Asbury revival’s reverberations felt far from the evangelical tent

While the Christian revival based at the evangelical Asbury College that was active in February has since simmered down [see March RW], it did spread to other schools and churches around the country and abroad, even outside evangelicalism. Writing in Public Discourse (April 10), Baylor University historian Thomas Kidd notes that the lasting effects of the work at Asbury are as yet unknown. “We won’t be able to tell for some time whether it was a one-off event or a pattern of larger, enduring renewal…Years from now, perhaps dozens or hundreds of pastors, missionaries, and other devoted Christians will look back and remember that God changed their life at Asbury or associated campus revivals in 2023.” He adds that one post-Asbury episode demonstrating the breadth of its impact is the recent Eucharistic renewal at the Holy Cross Church in Bronx, NY. While this Catholic renewal movement is self-consciously drawing on what happened at Asbury, it is dominated by urban Catholic immigrants from the Caribbean and Africa instead of white Protestants.
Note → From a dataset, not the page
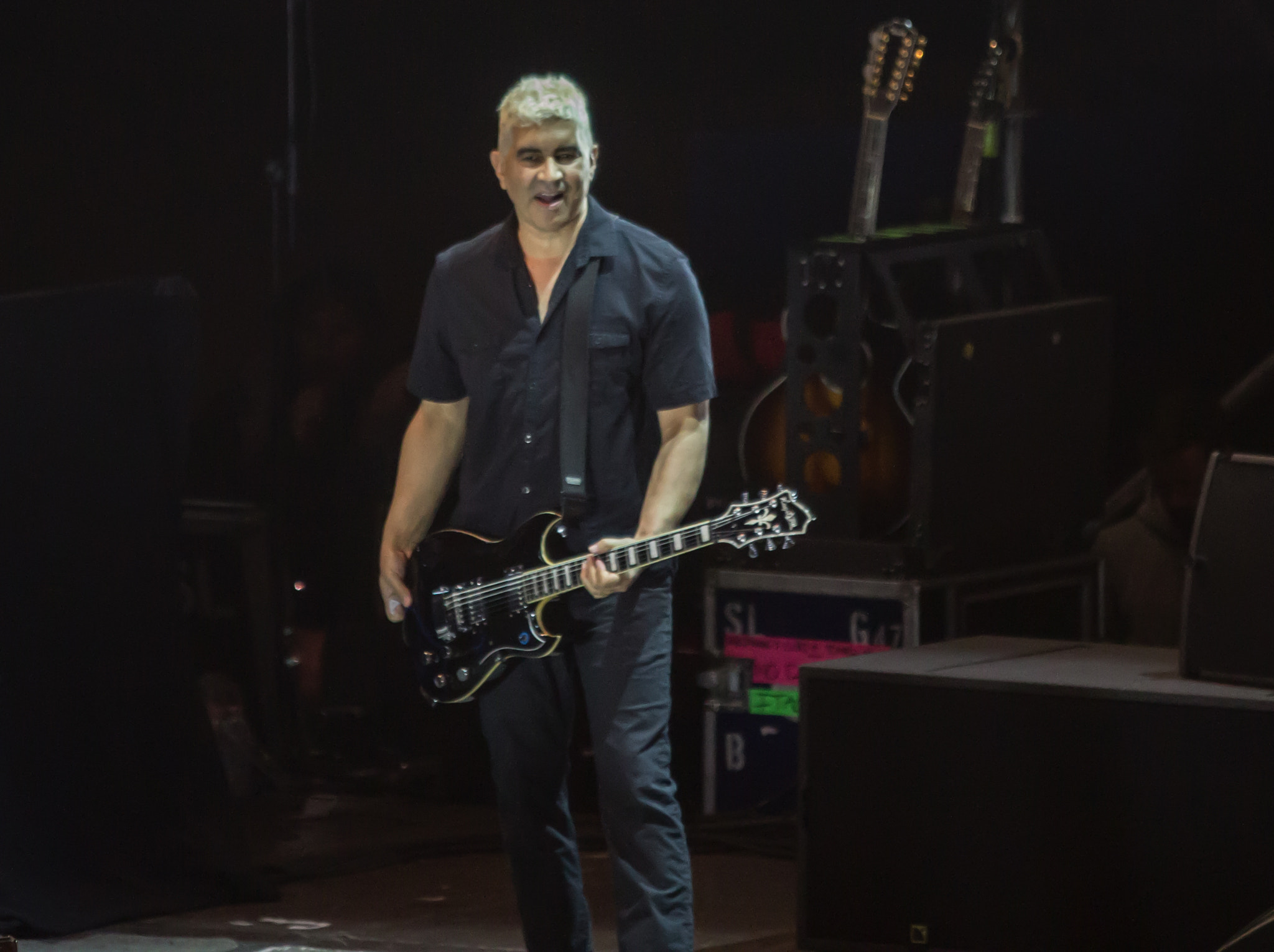 Sigma 70-200mm F2.8 EX DG OS HSM sample photo. Foo fighters cesena rockin 1000 photography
Holy Cross Church (Bronx) (source: Wikiwand).

One of the Bronx priests associated with the renewal said, “There were prayer teams, and music, and people just came and kneeled in the sanctuary close to the Lord. And by midnight, there were like 600 people there, still just praying and praising—and in the style of our communities; the style of the Caribbean Catholic culture is very charismatic, so that’s the style.” Charisma magazine (May/June) reports that the release of the recent film Jesus Revolution, which chronicles the Jesus movement of the 1960s and 1970s, also became part of the Asbury revival. Opening just when the Asbury revival was taking place, it finished number three at the box office on its opening weekend and brought in more than $15.5 million, more than doubling its projected $7 million take. Co-producer Andy Erwin said that the film’s popularity “represents a desire for God to do it again…like never before. For people outside the church, especially for a younger generation, it represents the answer to the equation for something I think they’ve been desperately looking for.”